Deswegen muss ich Ihnen ehrlich sagen: In dieser Debatte heute hat man eines sehr deutlich gemerkt. Ich glaube, dass die Menschen in Schleswig-Holstein am Ende mit ihrer Mehrheit nicht gegen Humanität stimmen werden. Ich bin ziemlich sicher, dass das so ist. Wer glaubt, man könne Punkte damit machen, dass man markige Worte von sich gibt und sagt: „Schiebt ab, schiebt ab, schiebt ab“, ohne sich um die Menschen zu kümmern, über die wir hier reden, und darüber hinaus absurdeste Dinge behauptet, die mit der Realität nichts zu tun haben, geht völlig fehl.
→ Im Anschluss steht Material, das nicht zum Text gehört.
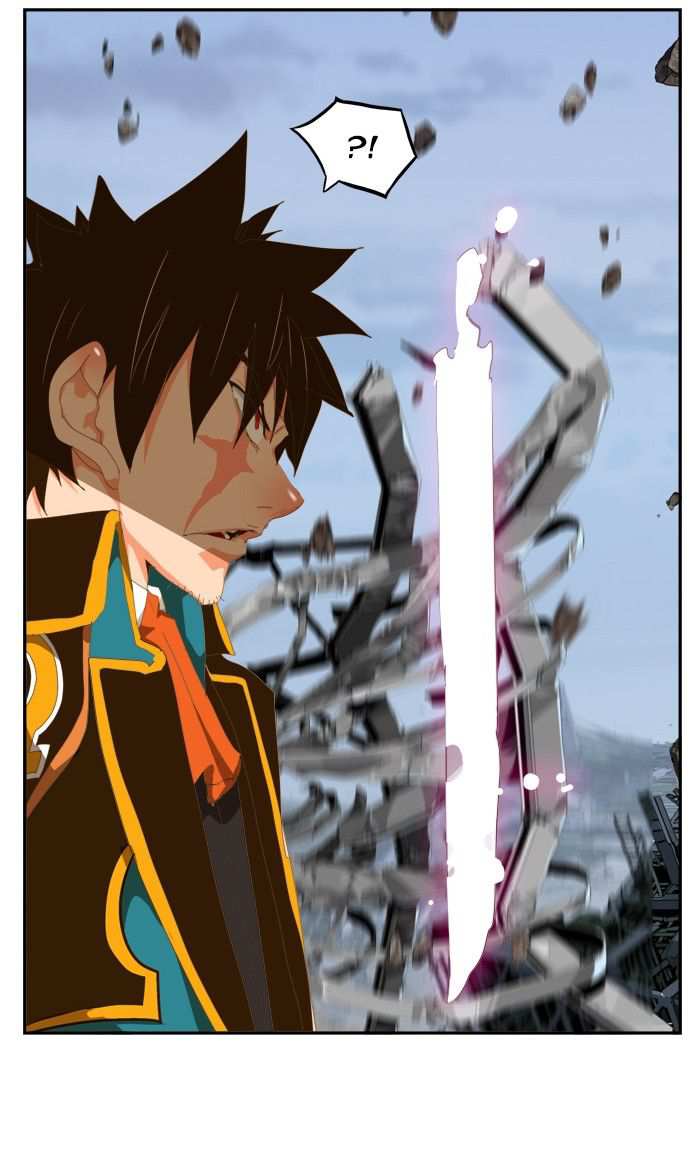 The God of High School Chapter 434 - page 60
Ich sage Ihnen: Einen Ertrag wird das nicht haben. Vor allen Dingen eines sage ich Ihnen ganz sicher: Sie können uns das bis zum Wahltag täglich vortragen. Diese Küstenkoalition wird von ihrem Kurs nicht abweichen, der da heißt: Im Zweifelsfall hat bei uns Humanität Priorität, meine sehr verehrten Damen und Herren. Im Zweifelsfall ist das so.

(Beifall SPD, BÜNDNIS 90/DIE GRÜNEN und SSW)

Wir maximieren die Spielräume, die wir haben. Wir danken dem Innenminister dafür, dass er dieses tut. Die Landesregierung hat die ausdrückliche Unterstützung der Mehrheit dieses Hauses. Der Landtag wird heute mit Mehrheit beschließen, dass wir keine Abschiebehaftanstalten einrichten.